[Data entries]
::::

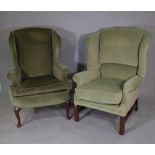 A 20th century hardwood framed wingback armchair,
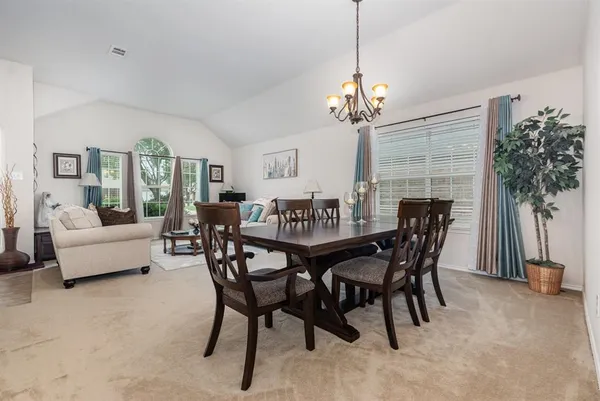 a view of a dining room with furniture and a chandelier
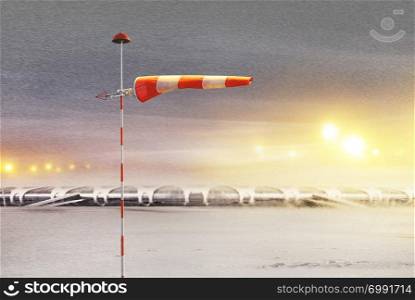 Meteorology windsock inflated by wind in airport at not flying night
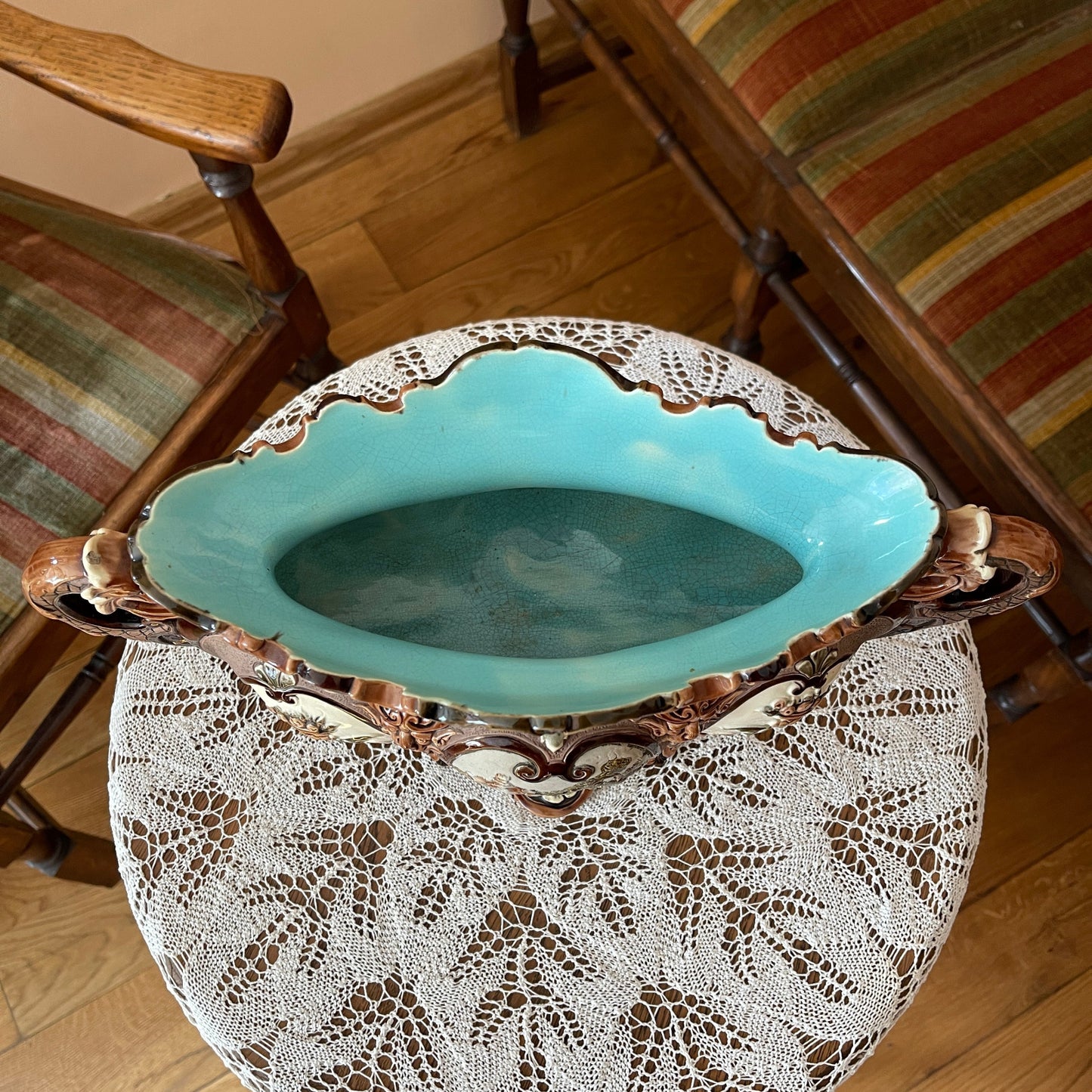 Decorative ceramic bowl with lace-like design on a wooden chair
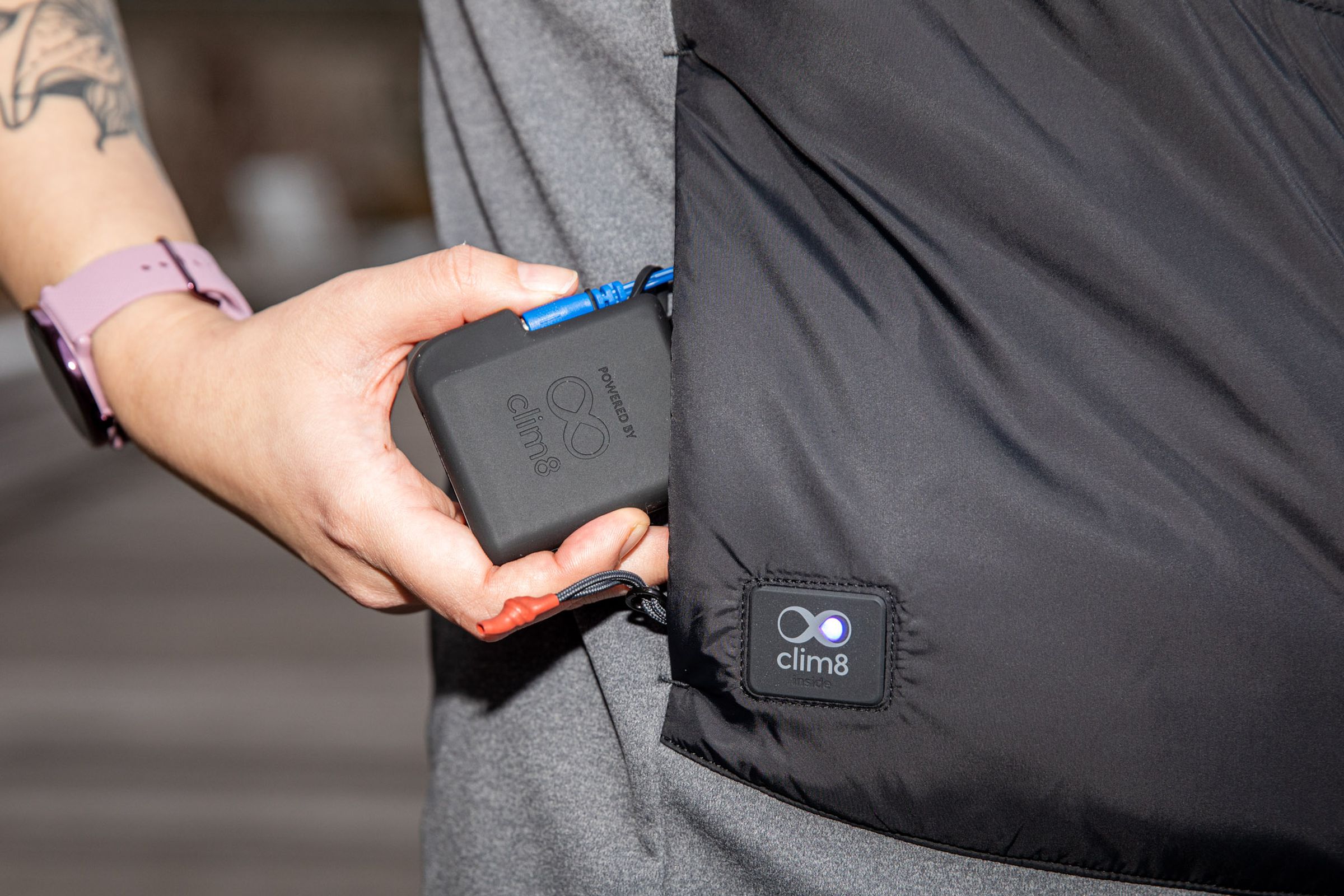 Close-up of person pulling Carhartt X-1 Smart Heated Vest battery out of the pocket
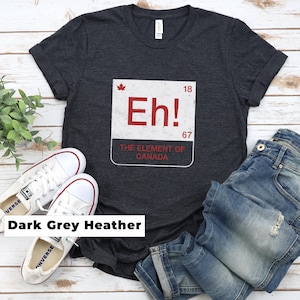May include: A dark grey heather t-shirt featuring a white square graphic resembling a periodic table element. The graphic displays the red text Eh!, a small red maple leaf, the numbers 18 and 67, and the text THE ELEMENT OF CANADA.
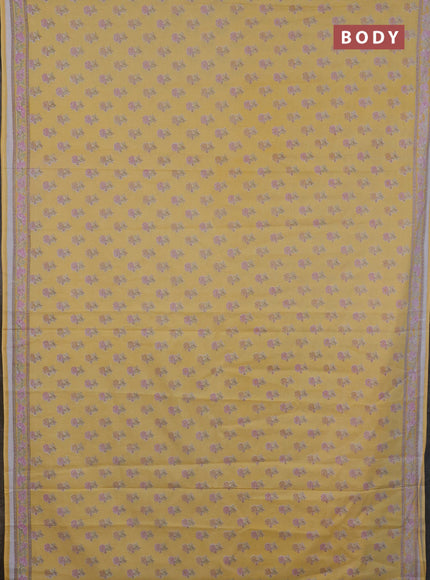 Mul cotton saree yellow with allover butta prints and printed border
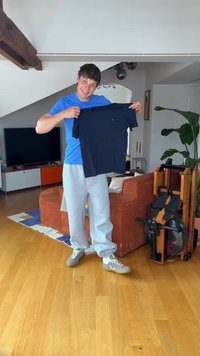 Νέος άνδρας με casual ρούχα κρατάει μια διπλωμένη σκούρα μπλε μπλούζα σε ένα σαλόνι με ένα μηχάνημα κωπηλασίας και καφέ καναπέ.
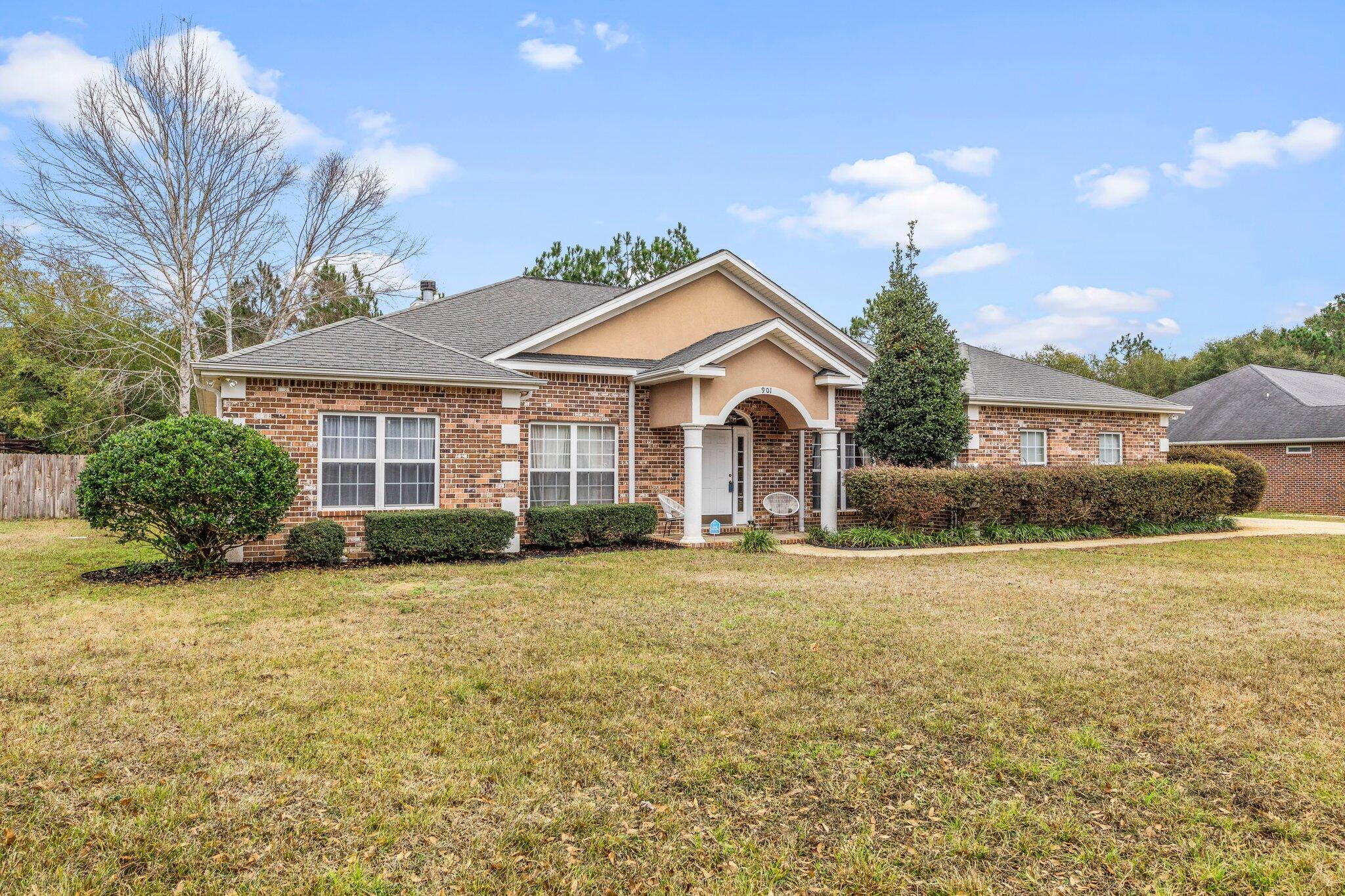 901 Shoal River Drive Crestview, FL 32539 - Photo 2 of 56 a front view of a house with a garden and yard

::::

Copy nothing but the lines above that run from the one with "Close-up of person" to the one with "Mul cotton saree", ends included; pictures stay out.

 Close-up of person pulling Carhartt X-1 Smart Heated Vest battery out of the pocket
May include: A dark grey heather t-shirt featuring a white square graphic resembling a periodic table element. The graphic displays the red text Eh!, a small red maple leaf, the numbers 18 and 67, and the text THE ELEMENT OF CANADA.
 Mul cotton saree yellow with allover butta prints and printed border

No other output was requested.